Details
-
Bug
-
Resolution: Fixed
-
Major
-
Cheshire-Cat
-
None
-
ThreadSanitizer
-
Triaged
-
1
-
Unknown
Description
The testrunner test 'memcapable.WarmUpMemcachedTest' intermittently fails when running under ThreadSanitizer with the following error:
b'[2020-11-23 16:16:44,229] - [data_helper:314] INFO - creating direct client 127.0.0.1:12000 default'
|
b'[2020-11-23 16:16:44,370] - [data_helper:882] WARNING - unable to establish connection to 127.0.0.1. cleanup open connections'
|
ERROR
|
The following backtrace is printed:
======================================================================
|
ERROR: do_warmup_100k (memcapable.WarmUpMemcachedTest)
|
----------------------------------------------------------------------
|
Traceback (most recent call last):
|
File "pytests/memcapable.py", line 812, in setUp
|
self._create_default_bucket()
|
File "pytests/memcapable.py", line 844, in _create_default_bucket
|
ready = BucketOperationHelper.wait_for_memcached(master, name)
|
File "lib/membase/helper/bucket_helper.py", line 346, in wait_for_memcached
|
bucket, timeout_in_seconds, log_msg)
|
File "lib/membase/helper/bucket_helper.py", line 270, in wait_for_vbuckets_ready_state
|
obj = VBucketAwareMemcached(rest, bucket)
|
File "lib/memcached/helper/data_helper.py", line 791, in __init__
|
self.reset(rest)
|
File "lib/memcached/helper/data_helper.py", line 798, in reset
|
m, v, r = self.request_map(self.rest, self.bucket)
|
File "lib/memcached/helper/data_helper.py", line 851, in request_map
|
self.add_memcached(vBucket.master, memcacheds, rest, bucket)
|
File "lib/memcached/helper/data_helper.py", line 884, in add_memcached
|
raise ex
|
File "lib/memcached/helper/data_helper.py", line 877, in add_memcached
|
admin_pass=admin_pass)
|
File "lib/memcached/helper/data_helper.py", line 344, in direct_client
|
client.bucket_select(bucket)
|
File "lib/mc_bin_client.py", line 831, in bucket_select
|
return self._doCmd(memcacheConstants.CMD_SELECT_BUCKET, name, '')
|
File "lib/mc_bin_client.py", line 240, in _doCmd
|
return self._handleSingleResponse(opaque)
|
File "lib/mc_bin_client.py", line 231, in _handleSingleResponse
|
cmd, opaque, cas, keylen, extralen, data = self._handleKeyedResponse(myopaque)
|
File "lib/mc_bin_client.py", line 227, in _handleKeyedResponse
|
raise MemcachedError(errcode, msg)
|
mc_bin_client.MemcachedError: Memcached error #1 'Not found': b''
|
Looking into the call-stack, what appears to be happening is that immediately following bucket creation, testrunner fails to select a given bucket on a new node due to receiving a "NOT FOUND (1)" status code.

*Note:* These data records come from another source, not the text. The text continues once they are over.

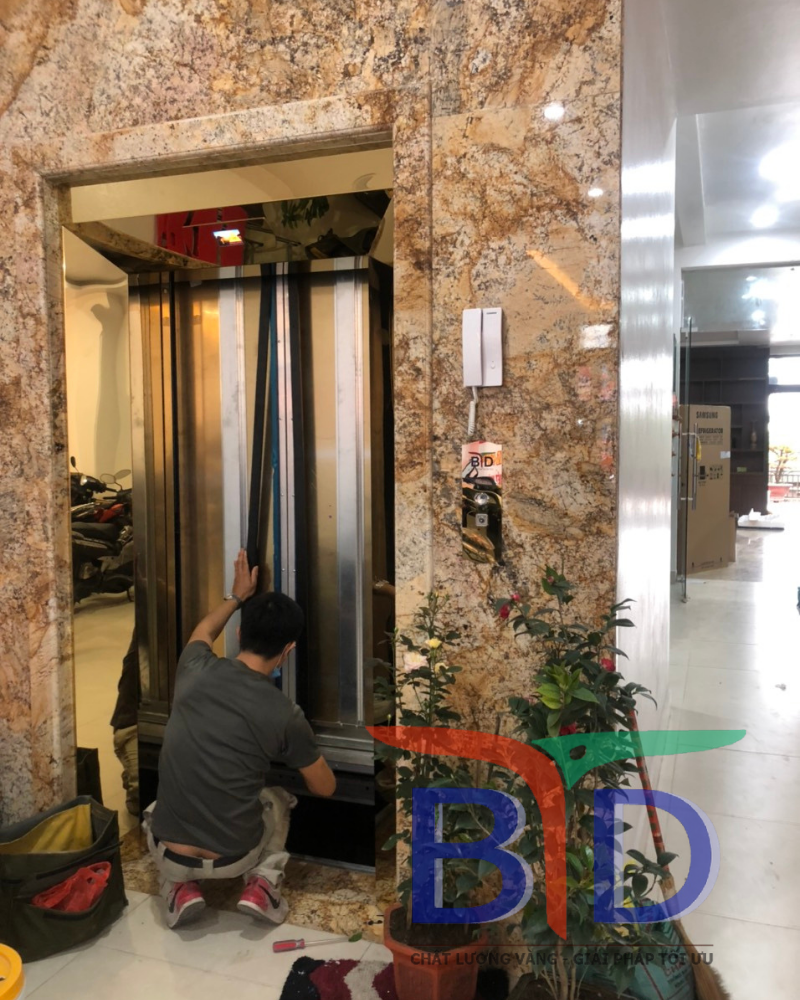 Sửa chữa thang máy uy tín tại Hà Nội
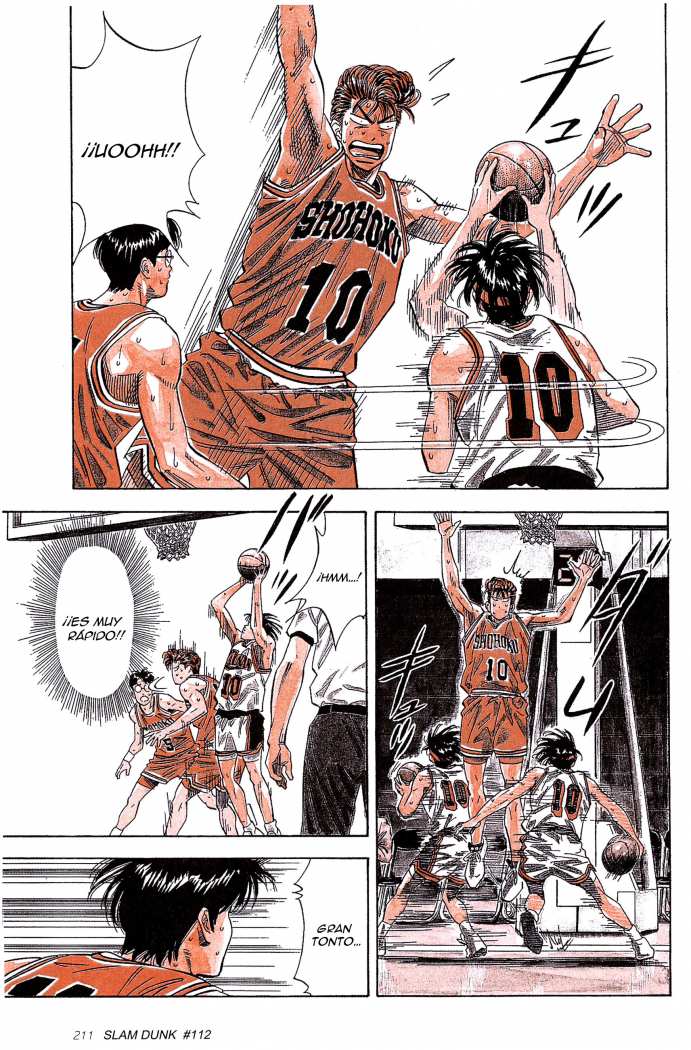 Read Slam Dunk ES Manga Online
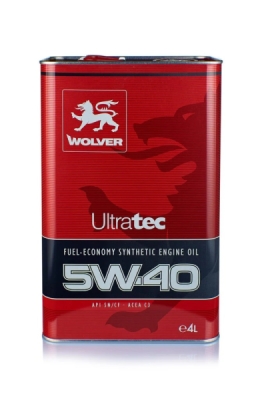Wolver UltraTec SAE 5W-40, 4 l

When running under TSan, memcached generally executes slower and hence I think this is exposing an existing timing issue - memcached simply hasn't completed initialisation when the connection attempt is made.
If we examine the timestamps, we see the failing SELECT_BUCKET request was at:
b'[2020-11-23 16:16:44,229] - [data_helper:314] INFO - creating direct client 127.0.0.1:12000 default'
|
[2020-11-23 16:16:44,370] - [data_helper:882] WARNING - unable to establish connection to 127.0.0.1. cleanup open connections'
|
We don't know exactly when the SELECT_BUCKET command was received by KV-Engine, but we do know it was somewhere between 16:16:44.229 and 16:16:44.370 - i.e. between when testrunner started to create the connection and when the error message was printed.
The memcached.log for the node on port 12000 (n_0) shows the following messages around that time:
2020-11-23T16:16:44.365282+00:00 INFO 85: Client {"ip":"127.0.0.1","port":59374} authenticated as <ud>cbadminbucket</ud>
|
2020-11-23T16:16:44.375850+00:00 INFO (default) EP Engine: Initialization of persistent bucket complete
|
2020-11-23T16:16:44.376029+00:00 INFO 77 - Bucket [default] created successfully
|
I believe that fd:85 (username "cbadminbucket") is the testrunner connection (it is within the correct time window) - and that connects ~10ms before the bucket completes creation.
I don't believe this problem is specific to TSan - it's just easier to hit it as it slows down memcached initialisation. It seems that testrunner should wait until bucket creation has completed or similar.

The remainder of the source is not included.